Tuesday, January 20, 2015

Am I My Brother's Keeper? Strengthening the Bonds between the African-American and Jewish Communities

(These are my remarks from the Celebration of the Life and Legacy of Dr. Martin Luther King, Jr. at the Stone Temple Baptist Church on Monday, Janurary 19, 2015)

Thank you so much Bishop for your kind words and for your graciousness in hosting this community gathering today. To the Jewish United Fund, to Pastor Phil and the Firehouse Community Arts Center, the North Lawndale Historical and Cultural Society, and to the Sinai Health System whose work continues to be a powerful example of ongoing partnership between the Jewish and African American communities for sponsoring today’s gathering as we honor the legacy of the Reverend Dr. Martin Luther King Jr.

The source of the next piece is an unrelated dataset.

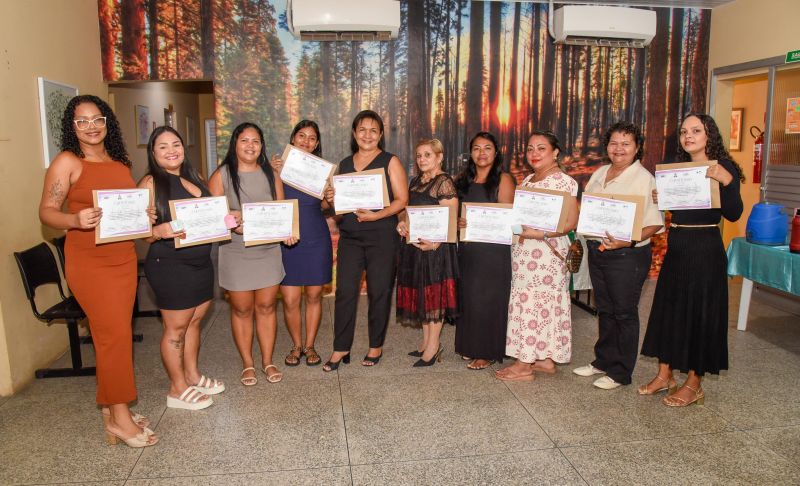 Certificação do minicurso de pintura no CREAS I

When an emptiness so profound in the soul of one man caused him to murder his own brother, the question, which arguably became the most important question for humanity throughout time, was “Am I my brother’s keeper?” And the resounding answer to that question, echoing still in our day, remains: Yes. We are each other’s keepers, and we are all in this together.

And so, together, let us listen to Dr. King’s words from March 17, 1966 whose message rings so true today as well: “…in order to tell the truth, it is necessary to …say not only have we come a long, long way, we still have a long, long way to go before the problem of racial injustice is solved in our country…we need only to turn on our televisions and open our newspapers and look around our community….We must learn to live together or we will perish together as fools.”

On this day commemorating what would have been Dr. King’s 86th birthday just 4 days ago, 50 years after the march at Selma, we come together to acknowledge that although we have come a long way, indeed we still have a long way to go. In this age of “colorblindness,” as Michelle Alexander, the author of the critically important book The New Jim Crow calls it, we build walls not with bricks but with zip codes and school districts; we create distance and impose borders with words like South Side or North Shore - good neighborhood or bad as if those terms somehow justify our disparate standings. When the wealth gap between white and black America is greater today than it ever was in Apartheid South Africa[i], when 1 in 3 black men will end up incarcerated at some point in their life[ii], when we know so deeply that although all lives matter, this is the moment to name the fact that #BlackLivesMatter because we can’t breathe anymore, we must ask ourselves: what does it mean to be each other’s keepers and to act as such in the world today?

One of my teachers, Rabbi Jack Stern of Blessed Memory, served as a student rabbi in Greenville Mississippi in the early 1950’s. He gave a sermon on “The Fatherhood of God and the Brotherhood of Man” - everyone loved it. Sometime later, he proposed to the synagogue president that the congregation should hold a clergy Institute where all the clergy in town could gather to study and break bread together.
President: All the clergy?

Jack: yes.

President: White clergy and black clergy breaking bread together? Jack: Yes

President: Well that will never happen.

Jack: But just last week, I gave a sermon on the fatherhood of God and the brotherhood of man and you thought it was the greatest thing since sliced bread?

President: It was a great sermon, but you have to be careful when you get specific.

Friends, we are here together today to get specific.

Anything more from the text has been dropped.